Nos han enseñado la falsa idea de que todos somos cristianos y esto por la sencilla idea de que aquellos quienes enseñan tal cosa, viven ignorantes del significado de esta gran palabra. ¿Cómo podemos ser cristianos y no cumplir o hacer como Cristo y los apóstoles nos enseñaron? No hay ningún tipo de comunión entre estas cosas.
Nos han enseñado que para ser realmente cristianos debemos ser el primero en llegar a la iglesia, el diezmador más sólido de la iglesia o quizá una persona sin criterio, humilde hasta el punto de estar de acuerdo con cualquier idea sin importar que esta apunte en contra de las Escrituras.
Se nos ha enseñado superficialmente que la santidad es una vestimenta y la hemos disfrazado de religiosidad con un poco de ingrediente fariseo.
Nos hemos llegado a parecer tanto a los escribas y fariseos, que nos vemos muy limpios por fuera y olvidamos los ingredientes más importantes del cristianismo: “Paz, amor, santidad, gozo, fe, esperanza, etc”.
Se nos ha enseñado un cristianismo tan superficial que practicamos el amor de frente, pero tiramos cosas en la espalda de nuestros hermanos.
Cristo enseñó algo totalmente diferente y en esto se puede resumir todo el cristianismo: “Amarás a tu prójimo como a ti mismo”.
Lo cierto es que si no tenemos la capacidad de amar a nuestro prójimo, no importan los diezmos, las ofrendas, la puntualidad, y la supuesta santidad disfrazada de religiosidad.
Cuando analizamos el verdadero mensaje de Jesús, notamos que no se centraba en apariencias, sino en la transformación interior del corazón. El mismo Señor reprendió fuertemente a los fariseos porque aparentaban piedad, pero por dentro estaban llenos de maldad. De nada sirve levantar las manos en un culto si al salir seguimos criticando y dañando a nuestro hermano. El cristianismo no es una religión de fachada, sino una relación viva con Cristo que se manifiesta en hechos de amor y verdad.
El apóstol Pablo insistió en que la fe sin amor es como metal que resuena. Él enseñó que podemos hablar lenguas angelicales, entregar todos nuestros bienes, incluso dar nuestra vida, pero si no hay amor, nada de eso tiene valor. Este principio debería sacudirnos, porque nos recuerda que Dios mira más allá de lo externo y escudriña lo más profundo del corazón humano.
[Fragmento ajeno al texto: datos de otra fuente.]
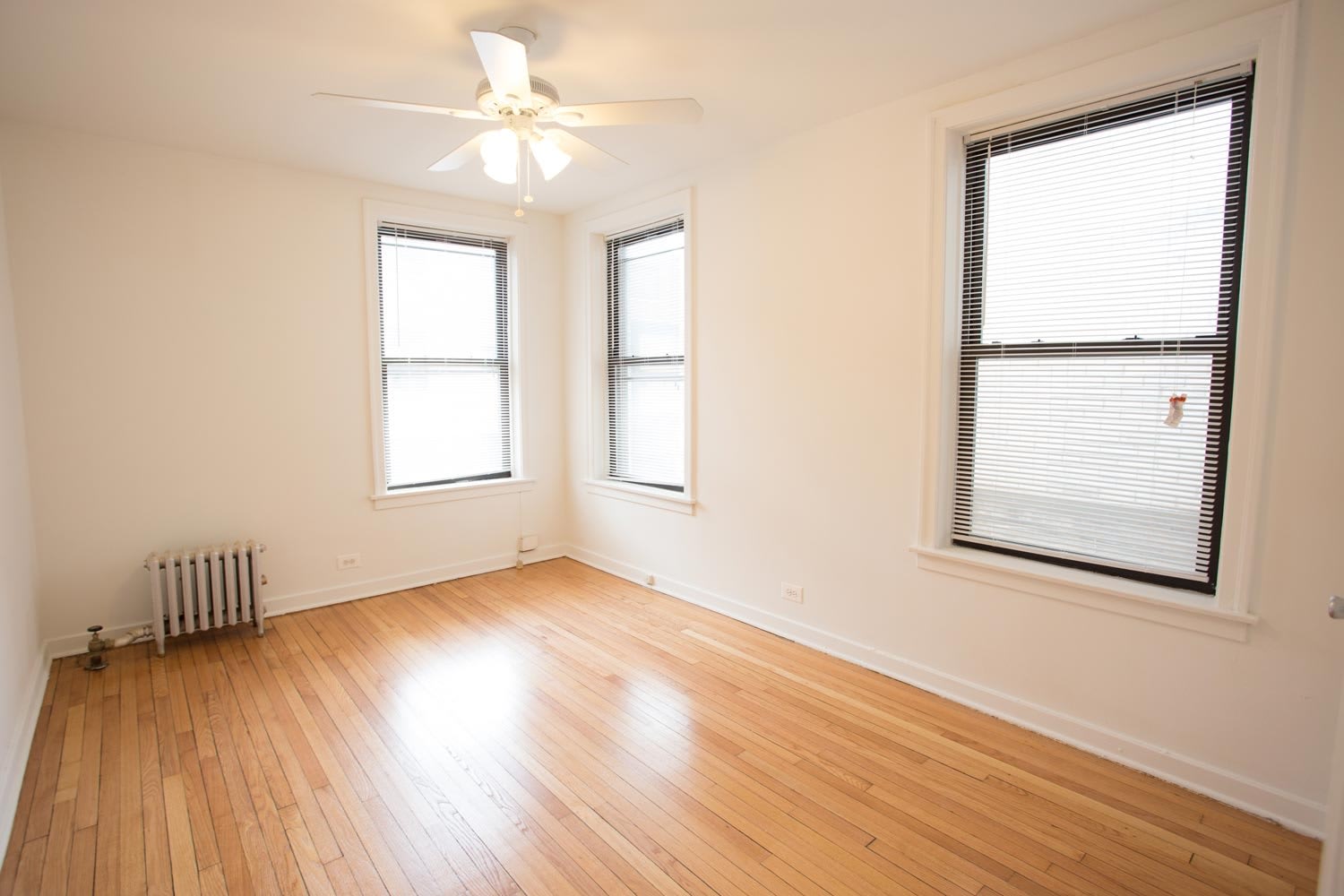 5337 S. Hyde Park Boulevard – photo 4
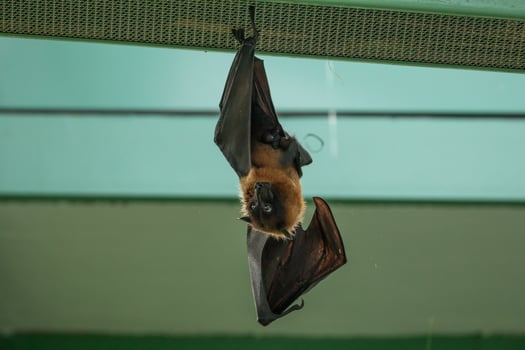 fruit bat hanging on tree in forest. Lyle's flying fox. photo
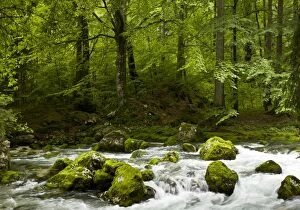 Images Dated 6th June 2011: The Savica river - flowing through rocky mountain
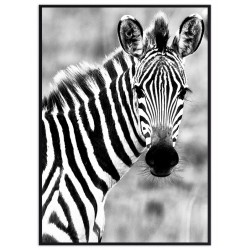 Постер в рамке "Zebra"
Hoy en día muchos confunden el ser cristiano con cumplir ciertos ritos o tradiciones, pero Jesús no llamó a las multitudes a practicar un ritual, sino a negarse a sí mismos, tomar la cruz cada día y seguirle. Eso significa vivir en obediencia, en entrega y en dependencia diaria de Dios. Ser cristiano implica reflejar a Cristo en nuestro carácter, en nuestras palabras y en nuestras acciones.
La verdadera santidad no se mide por el largo de la vestimenta, ni por la cantidad de veces que asistimos a un templo, sino por la pureza de corazón y la obediencia a la Palabra de Dios. Jesús dijo que los verdaderos adoradores son aquellos que adoran al Padre en espíritu y en verdad, no en apariencia ni en hipocresía.
Si amamos a Dios, automáticamente se reflejará en cómo tratamos a nuestro prójimo. El amor nos lleva a perdonar, a servir, a dar sin esperar nada a cambio y a caminar en justicia. Esa es la esencia del cristianismo que Jesús nos dejó como legado.
Conclusión: El llamado es a dejar atrás un cristianismo superficial y volver al fundamento: amar a Dios y amar al prójimo. Si realmente vivimos estos dos mandamientos, cumpliremos con la esencia de todo el evangelio. No nos dejemos engañar por apariencias ni por religiosidad vacía; busquemos reflejar en nuestras vidas la verdadera luz de Cristo, aquella que transforma corazones y que muestra al mundo que somos diferentes, no por lo que aparentamos, sino por lo que somos en Cristo.